On Friday, February 9, 2018, Italian cryptocurrency exchange BitGrail announced that “internal checks revealed unauthorized transactions which led to a 17 million Nano [XRB] shortfall, an amount forming part of the wallet managed by BitGrail.” The shortfall when reported was allegedly worth $170 million and has presumably rendered BitGrail insolvent, despite the fact that the other wallets and currencies that the exchange has were purportedly untouched.
The 9:30 p.m. UTC announcement by the Florence-based exchange gives some cause for circumspection. The founder of the exchange, Francesco “The Bomber” Firano, fired off salvos on Twitter in defense of the loss. His defense rang hollow for BitGrail customers, however, as Firano had noted the problem a day prior but withheld disclosure to authorities, users and the public while trying to work through the issue with the Nano team.
When news of the lost coins broke, BitGrail released a statement citing “unauthorized transactions” that were later confirmed by Firano to be the result of a hack. However, it appears many users have taken to Twitter to accuse Firano and BitGrail of committing fraud, with some positing that withdrawals have been severely limited on the exchange for months across multiple coins while transaction fees had increased. The coins lost represent approximately 14 percent of the total outstanding value of Nano mined.
However, there is some dispute (discussed below) on what actually caused the loss of coins. Whether it was an error in the BitGrail system, a planned exit scam or a hack from outsiders, taking or keeping the ill-gotten tokens seems ill-advised. The percentage of coins taken represents five times the current daily trading volume of Nano and would require careful offloading to avoid driving the price down by selling the coins.
Any scenario in which those lost coins could be dumped prior to the Nano coin gaining greater stability and trading volume forecasts a tumultuous time for the Nano team.
The Nano coin, previously known as RaiBlocks, is a coin with a low level of liquidity that only trades on a few exchanges, (previously) including BitGrail. At the time of this writing, CoinMarketCap lists the volume for the coin at $34 million over the trailing 24 hours. The XRB coin has spiked as high as $31.14 on January 2, 2018, and currently sits at $9.75. Nano hosted its first Meetup on February 6, 2018, and launched its iOS wallet in beta on February 5, 2018.
BitGrail vs. Nano
Relations between the coin and the exchange disintegrated over the weekend with Firano accusing the Nano team of libel and threatening to call the police “for irresponsible behavior,” while Nano retaliated in a “tell all” Medium post. In a de-evolution of relations, Nano core team member Zack Shapiro (in a deleted tweet to user @jsmoove08) defended BitGrail a day prior to the exchange’s announcement.
The Nano team issued this announcement in response to the news. The team started with:
From our own preliminary investigation, no double spending was detected on the ledger and we have no reason to believe the loss was due to an issue in the Nano protocol. The problems appear to be related to BitGrail’s software. We had no knowledge of BitGrail’s insolvency prior to February 8th.
It concluded with this accusation:
We now have sufficient reason to believe that Firano has been misleading the Nano Core Team and the community regarding the solvency of the BitGrail exchange for a significant period of time.

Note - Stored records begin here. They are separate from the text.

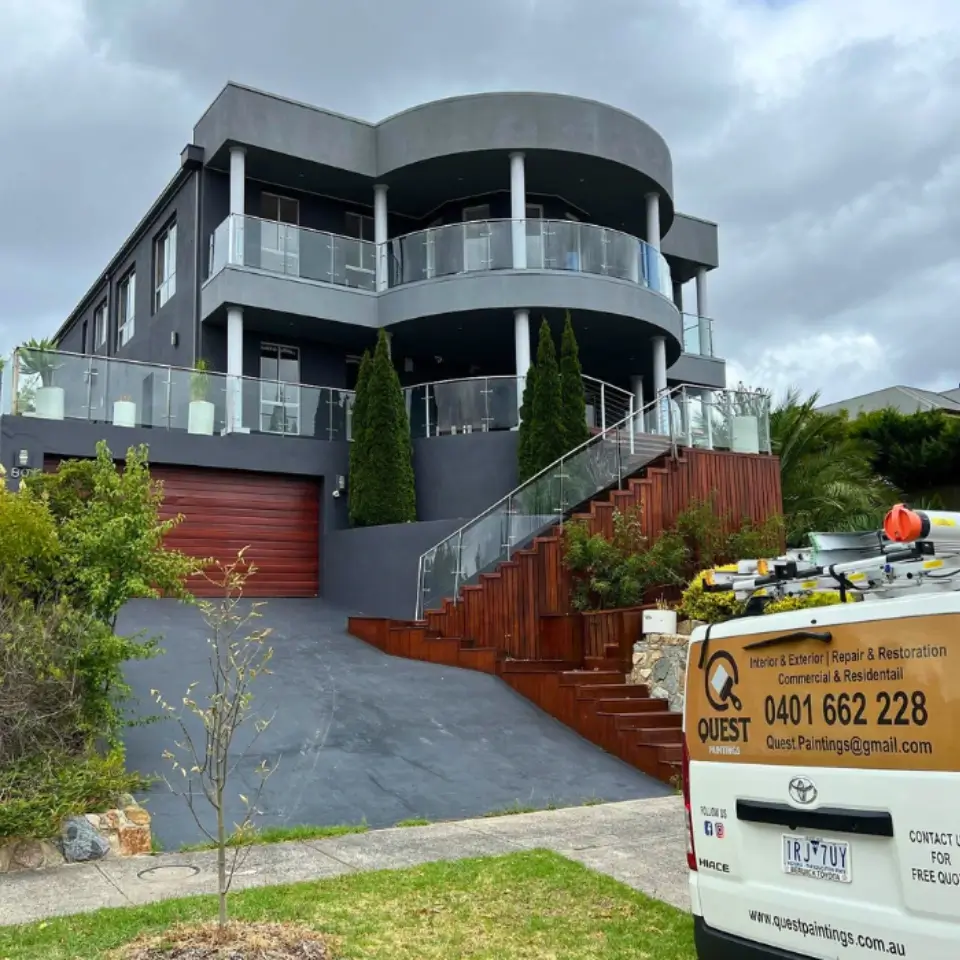 home painting work in Melbourne CBD by Quest Paintings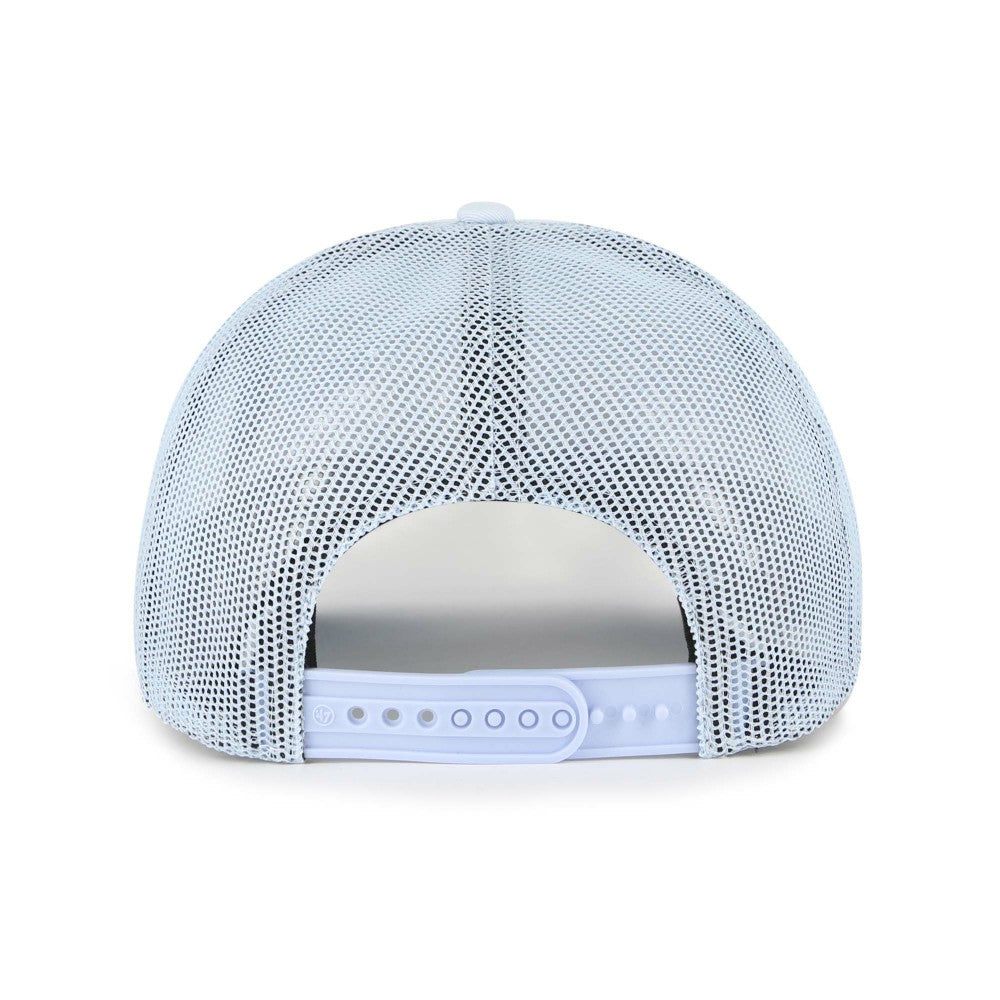 Miami Marlins '47 Foundation Script Hitch Adjustable Trucker Hat - Light Blue - 47 brand Lifestyle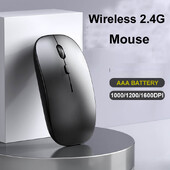 Mouse optic nou Bluetooth 2,4 GHz Mouse USB Optica pentru PC Computer Lenovo Laptop Notebook Gaming Gamer 1600DPI cu baterie AA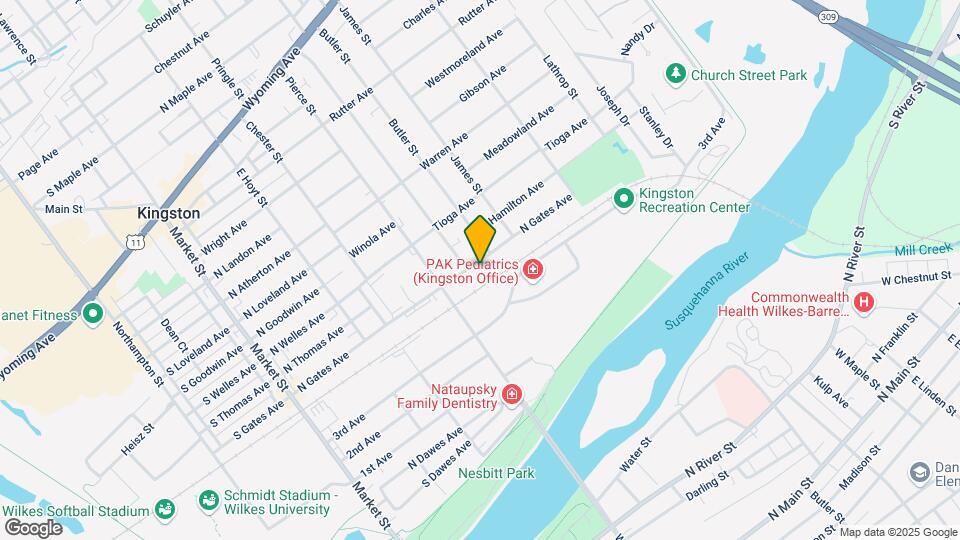 447 N Gates Ave Mapa y Detalles de la Ubicación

Reactions from Firano were expectedly harsh, including one tweet where he stated:
In the wake of the unfounded accusations made against me by the dev team and of the dissemination of private conversations that compromise police investigations, BitGrail s.r.l. is forced to contact the police in order to protect its rights and users.
It should be noted that the Nano team relayed through its Medium post that they would “not be responding to individual posts or accusations by Firano regarding this situation.”
As BitGrail was one of the few exchanges that had been accepting Nano, the coin is now facing trading volume declines, down from the $50 million reported by the Wall Street Journal on February 10, 2018.
Nano also linked a pdf of a private conversation between Firano and Nano core team members Shapiro and Colin LeMahieu. The chat shows Firano’s insistence that the loss of Nano was due to an issue with corrupted time/date stamps of the errant transactions and suggested the fault lay with Nano as non-Nano wallets remained intact. Shapiro and LeMahieu disputed this claim. Firano also asked if the stolen coins could be forked in order to recover the “stolen” Nano from the burned address. The dev team refused to acknowledge a fork as a possible solution.
Firano stated in the chat that he first noticed the bug eight hours prior to the conversation with Shapiro and LeMahieu. Shapiro challenged Firano’s timeline, asking, “If withdrawals have been closed for the last month, how did you not notice this? Someone with[sic] allegedly withdrawing for weeks according to you via this ‘hack.’”
Social Media Reacts
Regardless of fault, the turmoil caused by the loss of $170 million worth of Nano on the BitGrail exchange has left both the exchange and the dev team faced with accusations, angry customers and little recourse for those affected.